В течение восьми часов беспрерывных усилий прошли мы только 15 верст и вынуждены были остановиться на ночлег. Дождь перестал. Мы развели огонь, высушили как могли наши платья, вместо ужина напились чаю и провели ночь под открытым небом. На другой день голод стал нас мучить и ежеминутно усиливаться. Мы надеялись в норах полевых мышей найти кореньев и морошки, которыми обыкновенно запасаются они на зиму и чем нередко спасаются юкагиры от голодной смерти, но надежда нас обманула, потому что мыши никогда не доверяют своих запасов болотистому грунту.
Наконец мы прибегнули к древесной коре: срубили молодую лиственницу, очистили верхние слои коры, а мягкие нижние осторожно отделили от дерева, разрубили на мелкие части и положили вариться в котел с водой. Прежде нежели поспело наше кушанье, употребляемое здесь в голодные годы, надобно было несколько раз снимать с воды серу, по мере варения коры всплывавшую на поверхность. Наконец образовался у нас род жидкой каши, от примеси соли и перца получившей непротивный вкус, несмотря на вязкость и смоляность. Впрочем, эта пища, при умеренном употреблении, не имеет вредных последствий. Во время обеда нашего небо обложилось густыми облаками, и весь день 15-го августа шел дождь.

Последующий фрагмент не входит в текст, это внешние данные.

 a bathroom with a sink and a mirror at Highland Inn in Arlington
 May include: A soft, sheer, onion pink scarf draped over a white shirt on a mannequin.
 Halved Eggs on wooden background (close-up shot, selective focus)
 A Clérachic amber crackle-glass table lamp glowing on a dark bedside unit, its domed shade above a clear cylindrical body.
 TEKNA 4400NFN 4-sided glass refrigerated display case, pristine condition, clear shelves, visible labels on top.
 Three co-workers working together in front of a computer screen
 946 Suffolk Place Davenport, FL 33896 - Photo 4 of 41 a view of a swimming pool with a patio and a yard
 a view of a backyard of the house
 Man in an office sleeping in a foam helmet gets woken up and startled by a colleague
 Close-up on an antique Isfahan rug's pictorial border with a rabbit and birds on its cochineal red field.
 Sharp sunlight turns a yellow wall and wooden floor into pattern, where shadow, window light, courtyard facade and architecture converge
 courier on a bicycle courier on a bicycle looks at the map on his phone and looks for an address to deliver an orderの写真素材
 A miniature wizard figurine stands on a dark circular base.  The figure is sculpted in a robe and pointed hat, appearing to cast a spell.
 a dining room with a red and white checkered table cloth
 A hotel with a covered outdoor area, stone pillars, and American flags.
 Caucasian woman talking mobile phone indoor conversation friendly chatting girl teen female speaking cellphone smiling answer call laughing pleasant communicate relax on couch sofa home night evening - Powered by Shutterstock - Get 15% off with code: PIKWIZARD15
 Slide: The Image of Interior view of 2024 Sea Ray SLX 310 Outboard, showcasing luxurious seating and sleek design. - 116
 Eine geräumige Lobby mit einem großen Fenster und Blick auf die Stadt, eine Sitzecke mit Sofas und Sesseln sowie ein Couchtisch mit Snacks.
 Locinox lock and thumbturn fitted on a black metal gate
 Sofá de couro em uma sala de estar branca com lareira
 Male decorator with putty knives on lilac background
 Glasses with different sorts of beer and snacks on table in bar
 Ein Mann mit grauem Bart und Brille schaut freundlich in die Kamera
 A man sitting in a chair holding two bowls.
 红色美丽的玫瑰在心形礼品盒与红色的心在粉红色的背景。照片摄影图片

Мы отправились в путь, несмотря на погоду. Холмы становились выше и чаще, по мере нашего приближения к тому месту, где по моему счислению протекал Анюй. В 13-ти верстах от ночлега, переправившись вброд, по грудь в воде, через быстрый ручей, достигли мы подошвы горной цепи и с большими усилиями взобрались по крутому скату на самую высокую сопку. Отсюда открылся нам далекий вид на окрестность. Горы тянулись к юго-западу, а на юге лежала пространная долина, где изгибался предел наших страданий – давно искомый Анюй. Можно себе представить нашу радость. Юкагир узнал долину, реку и свое зимнее жилище Коновалова, забыл усталость, голод и громко запел веселую андыльщину (юкагирскую любовную песню). Меня более всего радовала верность моего счисления.
Нам оставалось пройти еще 9 ? верст до реки, и от нее было еще две версты до Коновалова, так что мы надеялись только к вечеру быть в селении, но, подойдя к реке, от усталости не могли идти далее и решились провести ночь под открытым небом и под сильным дождем. Сегодня находились мы в пути всего 11 ? часов, беспрестанно карабкаясь на высокие горы по крутым скользким тропинкам.